What is expected: Repeat exactly the lines of the entries below from the one with "Immortal Elves Crystal" through the one with "Andaz Press Personalized", both ends included, and nothing else.

Exercise materials:
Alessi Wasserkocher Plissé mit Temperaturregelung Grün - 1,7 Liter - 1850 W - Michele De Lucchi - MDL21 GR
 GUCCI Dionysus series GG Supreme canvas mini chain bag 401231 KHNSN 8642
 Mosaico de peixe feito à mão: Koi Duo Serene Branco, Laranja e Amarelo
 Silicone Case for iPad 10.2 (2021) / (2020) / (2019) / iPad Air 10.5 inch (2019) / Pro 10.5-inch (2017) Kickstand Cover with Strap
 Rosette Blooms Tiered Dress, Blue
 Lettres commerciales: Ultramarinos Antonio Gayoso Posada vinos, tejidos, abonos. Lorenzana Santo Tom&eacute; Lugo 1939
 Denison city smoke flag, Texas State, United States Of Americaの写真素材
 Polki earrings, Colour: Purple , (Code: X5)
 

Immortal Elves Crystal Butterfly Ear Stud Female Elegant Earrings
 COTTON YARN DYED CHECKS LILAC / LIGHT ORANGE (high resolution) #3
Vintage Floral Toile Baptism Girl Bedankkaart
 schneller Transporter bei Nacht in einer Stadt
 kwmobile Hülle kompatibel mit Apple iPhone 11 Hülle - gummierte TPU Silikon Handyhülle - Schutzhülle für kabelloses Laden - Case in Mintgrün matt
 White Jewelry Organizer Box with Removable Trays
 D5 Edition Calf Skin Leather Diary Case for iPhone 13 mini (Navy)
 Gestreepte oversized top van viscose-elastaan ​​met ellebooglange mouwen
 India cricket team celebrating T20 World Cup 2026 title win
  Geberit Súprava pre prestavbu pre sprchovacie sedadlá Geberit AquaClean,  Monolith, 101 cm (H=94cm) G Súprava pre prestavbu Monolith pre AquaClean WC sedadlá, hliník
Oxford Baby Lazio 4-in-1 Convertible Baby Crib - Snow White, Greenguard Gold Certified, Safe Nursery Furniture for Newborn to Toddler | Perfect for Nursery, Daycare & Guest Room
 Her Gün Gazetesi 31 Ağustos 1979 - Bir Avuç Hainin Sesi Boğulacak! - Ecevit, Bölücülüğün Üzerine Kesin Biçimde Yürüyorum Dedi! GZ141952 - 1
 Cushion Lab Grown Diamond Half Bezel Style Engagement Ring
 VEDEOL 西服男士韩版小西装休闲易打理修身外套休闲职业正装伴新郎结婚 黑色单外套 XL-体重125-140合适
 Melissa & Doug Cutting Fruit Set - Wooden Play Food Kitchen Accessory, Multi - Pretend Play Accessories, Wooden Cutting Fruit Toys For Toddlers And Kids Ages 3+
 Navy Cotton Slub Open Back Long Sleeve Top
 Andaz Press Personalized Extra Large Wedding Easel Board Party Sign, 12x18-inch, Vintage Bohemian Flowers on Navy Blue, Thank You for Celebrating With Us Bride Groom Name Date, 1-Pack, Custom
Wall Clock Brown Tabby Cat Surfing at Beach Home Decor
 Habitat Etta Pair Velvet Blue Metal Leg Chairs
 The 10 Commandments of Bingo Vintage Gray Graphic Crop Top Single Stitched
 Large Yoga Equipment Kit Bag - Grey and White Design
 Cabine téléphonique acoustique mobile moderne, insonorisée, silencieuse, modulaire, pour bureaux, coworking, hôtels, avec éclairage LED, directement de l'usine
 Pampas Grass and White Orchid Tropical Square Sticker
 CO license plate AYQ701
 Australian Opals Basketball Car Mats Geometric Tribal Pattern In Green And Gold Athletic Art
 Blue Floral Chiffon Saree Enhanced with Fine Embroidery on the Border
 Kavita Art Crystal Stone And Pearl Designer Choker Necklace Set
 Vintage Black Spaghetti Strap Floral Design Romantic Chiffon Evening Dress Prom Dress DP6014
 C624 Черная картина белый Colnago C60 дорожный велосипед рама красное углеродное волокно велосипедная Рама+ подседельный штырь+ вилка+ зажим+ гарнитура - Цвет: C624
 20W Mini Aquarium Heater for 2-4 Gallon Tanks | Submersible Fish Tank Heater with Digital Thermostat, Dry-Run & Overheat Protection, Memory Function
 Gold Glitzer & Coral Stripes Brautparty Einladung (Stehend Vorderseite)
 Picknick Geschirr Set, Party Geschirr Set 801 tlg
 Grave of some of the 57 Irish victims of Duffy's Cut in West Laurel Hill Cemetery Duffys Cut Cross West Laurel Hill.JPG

Response below:
Immortal Elves Crystal Butterfly Ear Stud Female Elegant Earrings
 COTTON YARN DYED CHECKS LILAC / LIGHT ORANGE (high resolution) #3
Vintage Floral Toile Baptism Girl Bedankkaart
 schneller Transporter bei Nacht in einer Stadt
 kwmobile Hülle kompatibel mit Apple iPhone 11 Hülle - gummierte TPU Silikon Handyhülle - Schutzhülle für kabelloses Laden - Case in Mintgrün matt
 White Jewelry Organizer Box with Removable Trays
 D5 Edition Calf Skin Leather Diary Case for iPhone 13 mini (Navy)
 Gestreepte oversized top van viscose-elastaan ​​met ellebooglange mouwen
 India cricket team celebrating T20 World Cup 2026 title win
  Geberit Súprava pre prestavbu pre sprchovacie sedadlá Geberit AquaClean,  Monolith, 101 cm (H=94cm) G Súprava pre prestavbu Monolith pre AquaClean WC sedadlá, hliník
Oxford Baby Lazio 4-in-1 Convertible Baby Crib - Snow White, Greenguard Gold Certified, Safe Nursery Furniture for Newborn to Toddler | Perfect for Nursery, Daycare & Guest Room
 Her Gün Gazetesi 31 Ağustos 1979 - Bir Avuç Hainin Sesi Boğulacak! - Ecevit, Bölücülüğün Üzerine Kesin Biçimde Yürüyorum Dedi! GZ141952 - 1
 Cushion Lab Grown Diamond Half Bezel Style Engagement Ring
 VEDEOL 西服男士韩版小西装休闲易打理修身外套休闲职业正装伴新郎结婚 黑色单外套 XL-体重125-140合适
 Melissa & Doug Cutting Fruit Set - Wooden Play Food Kitchen Accessory, Multi - Pretend Play Accessories, Wooden Cutting Fruit Toys For Toddlers And Kids Ages 3+
 Navy Cotton Slub Open Back Long Sleeve Top
 Andaz Press Personalized Extra Large Wedding Easel Board Party Sign, 12x18-inch, Vintage Bohemian Flowers on Navy Blue, Thank You for Celebrating With Us Bride Groom Name Date, 1-Pack, Custom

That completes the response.